Benjamin Franklin Papers

New Fables, 2 January 1770

New Fables

Printed in The Public Advertiser, January 2, 1770

The first ascription of these fables to Franklin was by Verner Crane, and his evidence is conclusive.1 When the second and third fables were composed, as distinct from published, is impossible to say; the genesis of the first goes back almost two years, although in the intervening period it changed considerably.
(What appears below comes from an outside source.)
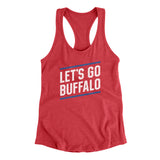 Let's Go Buffalo Women's Racerback Tank-Allegiant Goods Co. Vintage Sports Apparel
NEW FABLES, humbly inscribed to the S——y of St——e for the American Department.

FABLE I.

A Herd of Cows had long afforded Plenty of Milk, Butter, and Cheese to an avaricious Farmer, who grudged them the Grass they subsisted on, and at length mowed it to make Money of the Hay, leaving them to shift for Food as they could, and yet still expected to milk them as before; but the Cows, offended with his Unreasonableness, resolved for the future to suckle one another.2

FABLE II.

An Eagle, King of Birds, sailing on his Wings aloft over a Farmer’s Yard, saw a Cat there basking in the Sun, mistook it for a Rabbit, stoop’d, seized it, and carried it up into the Air, intending to prey on it. The Cat turning, set her Claws into the Eagle’s Breast; who, finding his Mistake, opened his Talons, and would have let her drop; but Puss, unwilling to fall so far, held faster; and the Eagle, to get rid of the Inconvenience, found it necessary to set her down where he took her up.

FABLE III.

A Lion’s Whelp was put on board a Guinea Ship bound to America as a Present to a Friend in that Country: It was tame and harmless as a Kitten, and therefore not confined, but suffered to walk about the Ship at Pleasure. A stately, full-grown English Mastiff, belonging to the Captain, despising the Weakness of the young Lion, frequently took it’s Food by Force, and often turned it out of it’s Lodging Box, when he had a Mind to repose therein himself. The young Lion nevertheless grew daily in Size and Strength, and the Voyage being long, he became at last a more equal Match for the Mastiff; who continuing his Insults, received a stunning Blow from the Lion’s Paw that fetched his Skin over his Ears, and deterred him from any future Contest with such growing Strength; regretting that he had not rather secured it’s Friendship than provoked it’s Enmity.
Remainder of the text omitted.